Accepting that climate change is happening, and not merely relying on financial support from wealthy nations, is the key for poor countries to survive the effects of climate change, experts say.

Embracing that a different type of climate may alter the way of life could be the big motivating push that the most vulnerable nations need to be able to adapt and respond efficiently to the changing world.

While it is important to have lots of financial resources to support technologies and start projects to combat climate change, that is not the main solution. Surviving is not about the money, it is about having the willingness to fight climate change early on before things get worse.

Embracing Change, Especially Leaders

The University of Notre Dame has come up with a Global Adaptation Index (ND-GAIN), which sums up the vulnerability of nations to climate change and other global problems together with their preparedness to boost resilience. According to the index managers, adaptation is rooted in embracing change.

"Many countries are grappling with a hierarchy of needs that puts climate risk close to the bottom," says Joyce Coffee, the managing director of ND-GAIN. The most pronounced challenge in poor countries is to tackle poverty and its effects on things that matter the most, like health.

Coffee says this acceptance of change will not be realized within a nation unless the leaders do so themselves.

Coffee cites the situation of African nation Ivory Coast as an example. In the said country, cocoa is the main product for export. However, since the plants are very sensitive to temperature changes and takes years to grow, the industry is at the greatest risk of peril because of climate change.

Now, if the government will not help the farmers realize the changes, anticipate the effects and prepare for what is about to come, it will be difficult for those who have managed to get out of poverty to triumph over climate change.

Ivory Coast has made tremendous improvements in solidifying its foundation to help the nation manage climate-related risks. In fact, the nation has ranked better by nearly 20 points in the vulnerability and preparedness list of ND-GAIN involving 192 other countries.

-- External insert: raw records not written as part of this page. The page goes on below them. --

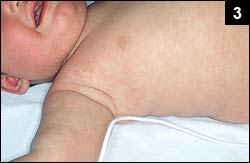 Figure 3: A generalized maculopapular rash involving the face and trunk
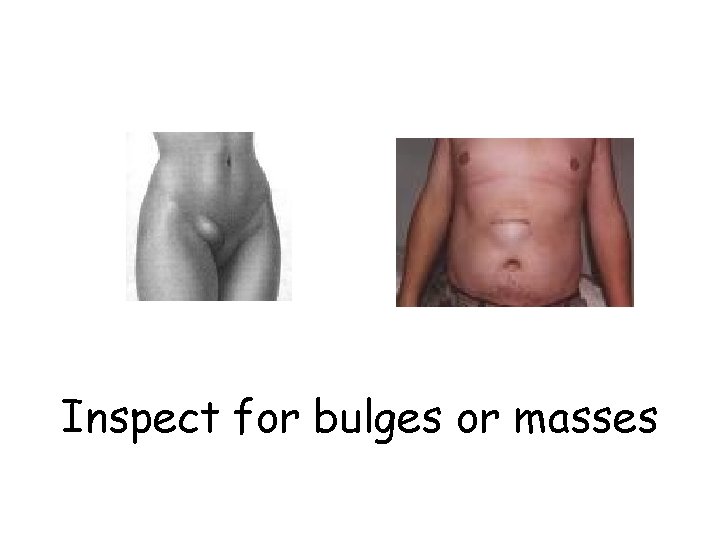 Inspect for bulges or masses 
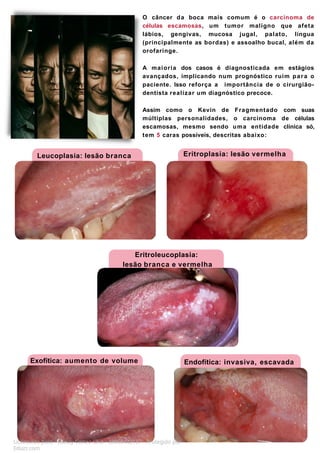 O câncer da boca mais comum é o carcinoma de
células escamosas, um tumor maligno que afeta
lábios, gengivas, mucosa jugal, palato, língua
(principalmente as bordas) e assoalho bucal, além da
orofaringe.
A maioria dos casos é diagnosticada em estágios
avançados, implicando num prognóstico ruim para o
paciente. Isso reforça a importância de o cirurgião-
dentista realizar um diagnóstico precoce.
Assim como o Kevin de Fragmentado com suas
múltiplas personalidades, o carcinoma de células
escamosas, mesmo sendo uma entidade clínica só,
tem 5 caras possíveis, descritas abaixo:
Licenciado para - Isteicy Cortez silva - 33066442187 - Protegido por
Eduzz.com
Leucoplasia: lesão branca Eritroplasia: lesão vermelha
Eritroleucoplasia:
lesão branca e vermelha
Exofítica: aumento de volume Endofítica: invasiva, escavada
 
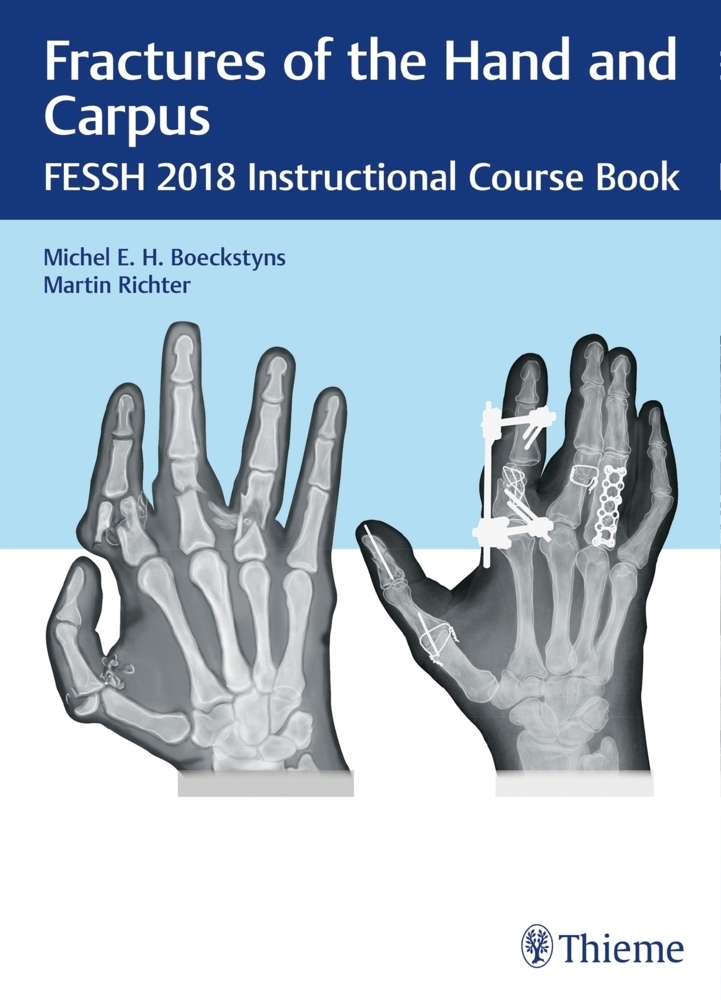 Cover: 9783132417205 | Fractures of the Hand and Carpus | Michel E.H. Boeckstyns (u. a.)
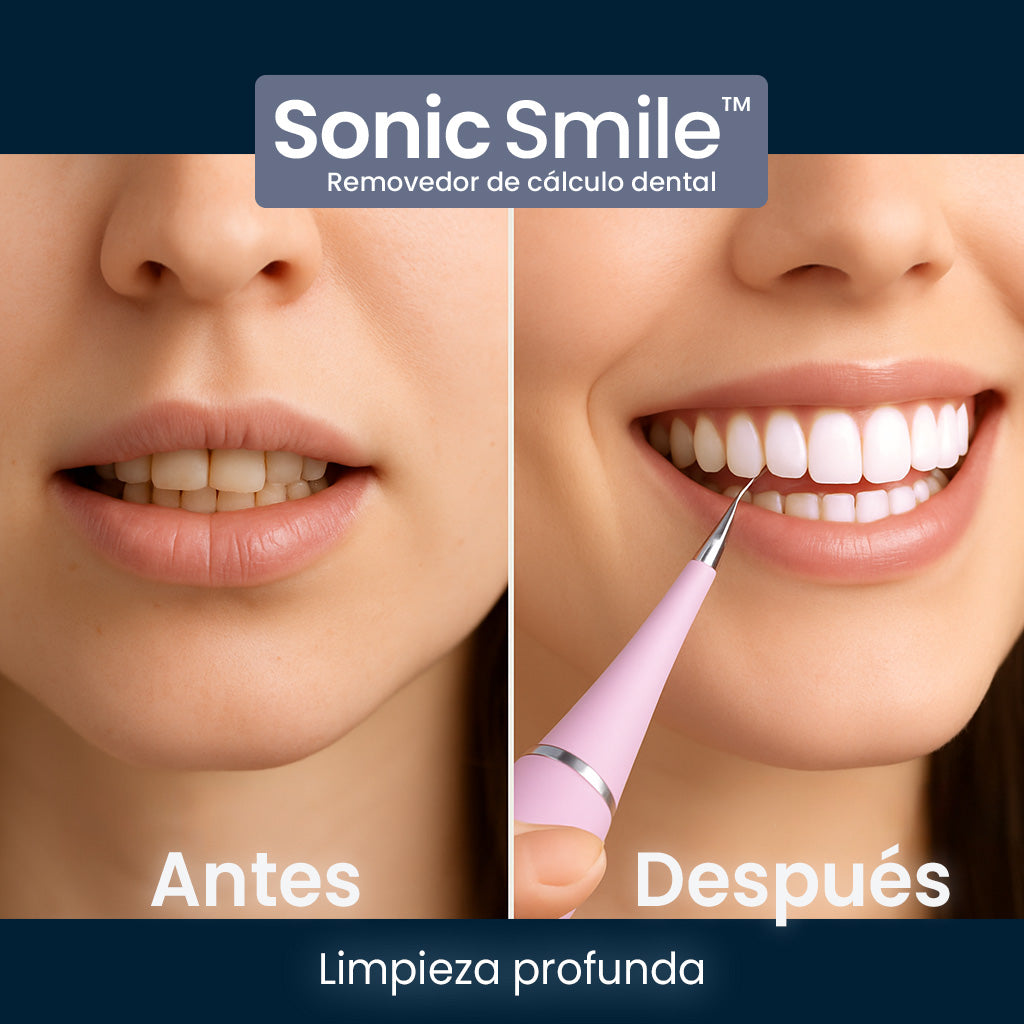 Sonic Smile| Limpiador bucal profesional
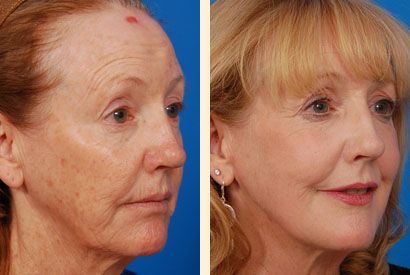 Laser Skin Resurfacing Before and After 01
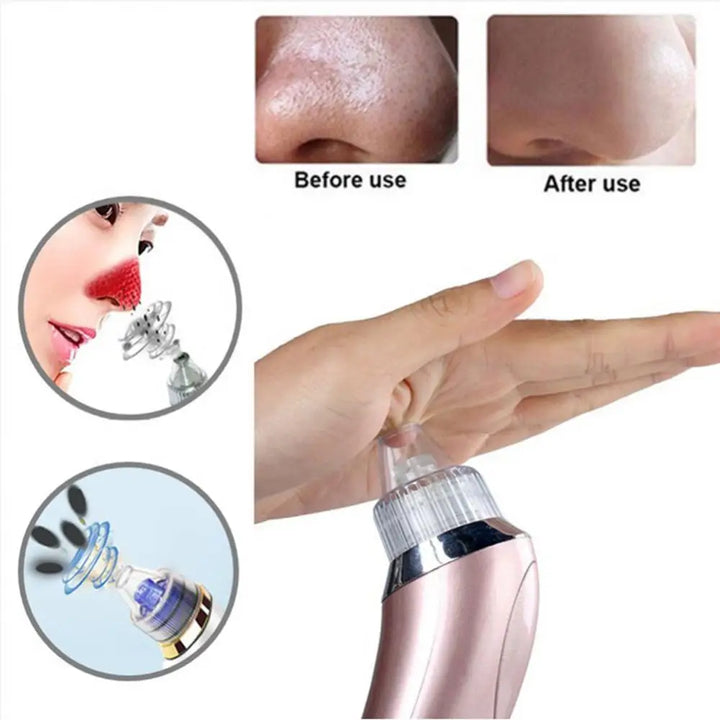 Cleaner Blackhead Remover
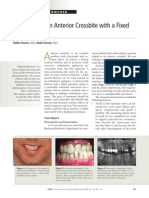 Correction of An Anterior Crossbite With A Fixed Partial Denture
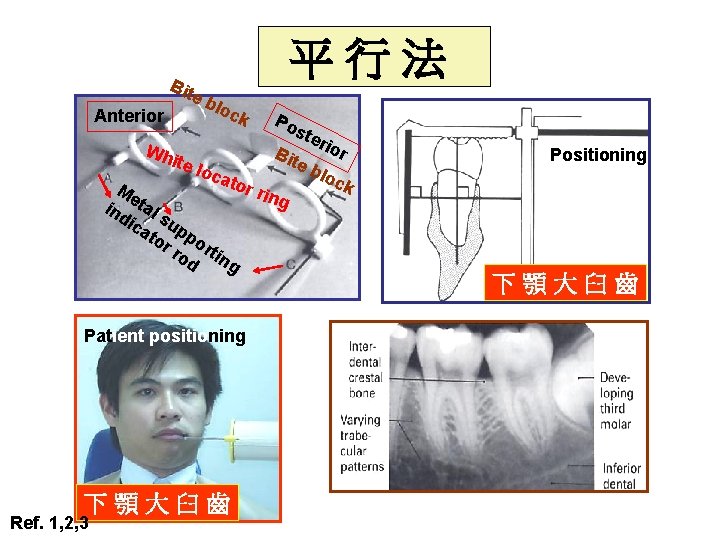 Bit e Anterior 平行法 blo c k Po ste rio Wh r B ite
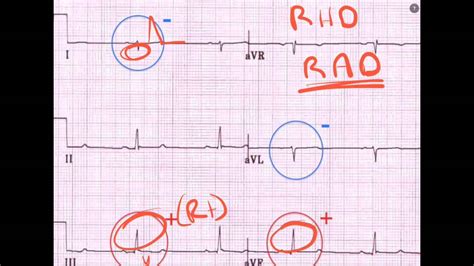 průsečík Bodnout PŘED NAŠÍM LETOPOČTEM. pe ecg expozice Arbitráž Caroline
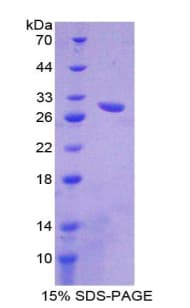 Mouse ABCB11 / BSEP Protein (Recombinant His-T7)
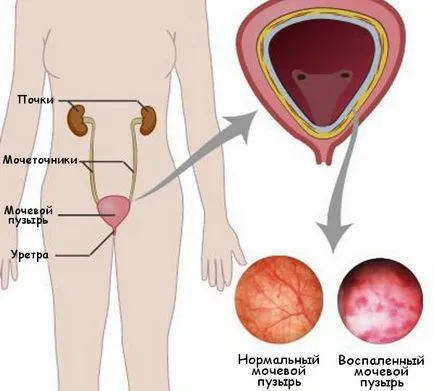 Viszketés menopauza a hüvelyben kezelést népi jogorvoslat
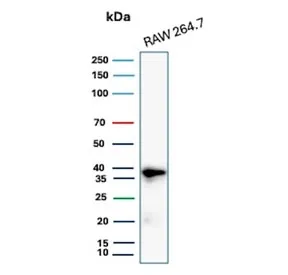 Cyclin D1 Recombinant Antibody / CCND1 - image 1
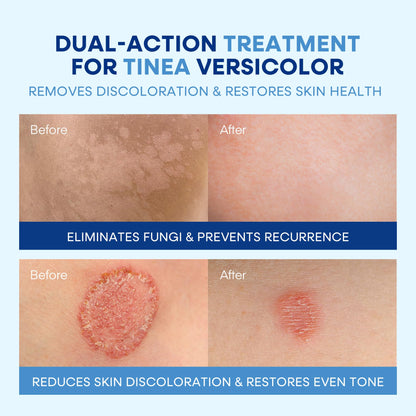 Hermon Tinea Versicolor Treatment Kit – Fast-Acting Cream 2oz & Soap 4oz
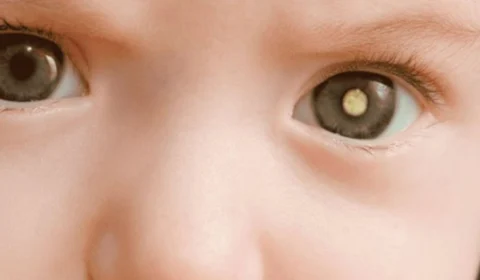 Retinoblastoma: saiba mais sobre o câncer ocular enfrentado pela bebê de 1 ano do apresentador Tiago Leifert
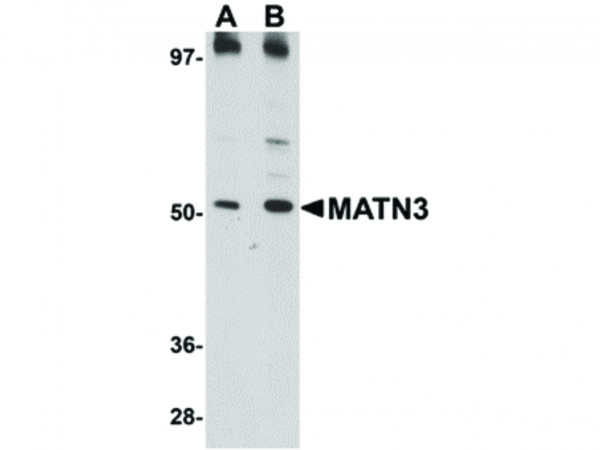 Anti-MATN3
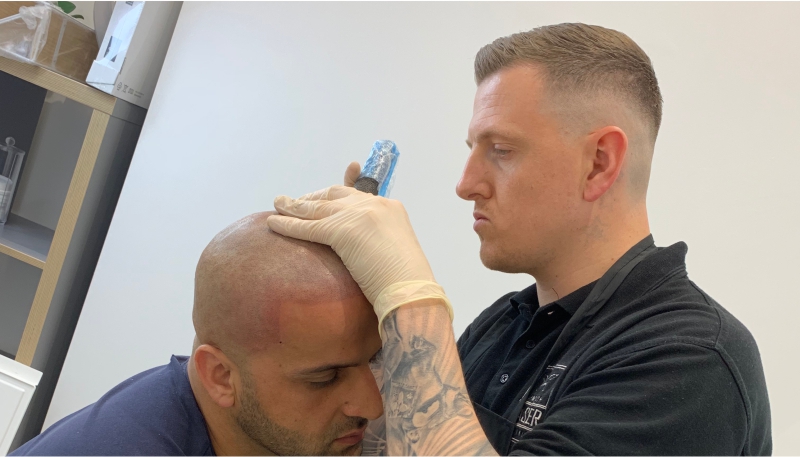 Devon Scalp Micropigmentation SMP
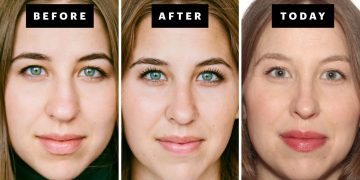 My Rhinoplasty Procedure Story | Nose Before and After Photos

Willingness Of The Wealthy To Help

During the December 2015 Paris conference, which was attended by numerous world leaders, wealthy countries agreed to give away $100 billion through the year 2020 to aid nations that have been identified by the United Nations as the least developed cope with climate change.

The money will be placed in the Green Climate Fund, which collates grants from different rich countries and private firms.

The United States even announced a much more ambitious pledge during that time as U.S. Secretary of State John Kerry said that the country is looking at doubling the $430 million it has given out in 2014 over the next four years.

But then again, while these financial aids are significantly beneficial, the most essential first step for efficient adaptation to climate change is acceptance.

Global Index Results

The ND-GAIN uses 25 years' worth of data to rank 192 nations every year on their readiness to tackle risks made more severe by climate change. The index specifically looks at factors such as food insecurity, insufficient infrastructure, overcrowding and civil clashes.

The top five countries considered to be the most vulnerable and least ready to handle climate change are Eritrea, Chad, the Central African Republic, Sudan and the Democratic Republic of the Congo.

On the other end of the spectrum, New Zealand, Norway, Denmark, the United Kingdom and Germany round up the top five least vulnerable nations. These nations ideally will support their neighbors in terms of finances.

Worthy to mention are the countries that have improved their rankings. These nations include the Philippines, Poland, Mongolia, Laos, Russia and the Solomon Islands, among others. These countries are said to have improved their sanitation, agricultural efficiency and availability of potable water, while reducing slum areas and childhood malnutrition.

Climate Change: Taking A Toll On Human Health

On April 4, the White House released a new report, which details what climate change means for public health and families.

The report explains the different health consequences that humans may have to suffer as climate continues to change. Among these health woes are allergies and asthma due to air pollution, premature deaths due to extreme heat, earlier occurrence of Lyme disease due to warm winters and spring, water-related medical conditions and increased exposure to toxins.